DATASET SECTION:
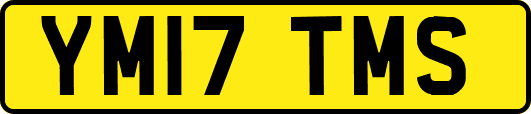 YM17TMS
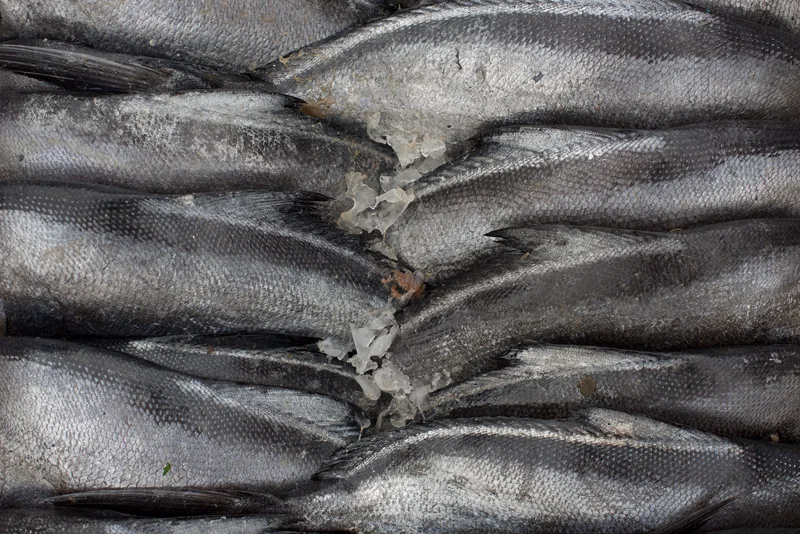 © Matthias Staudinger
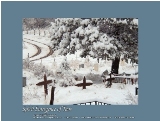 Homeward Bound - Taos, New Mexico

WHAT THE TASK REQUIRES:
Print the entire listing precisely as written, omitting the images it holds.

RESPONSE BELOW:
 YM17TMS
 © Matthias Staudinger
 Homeward Bound - Taos, New Mexico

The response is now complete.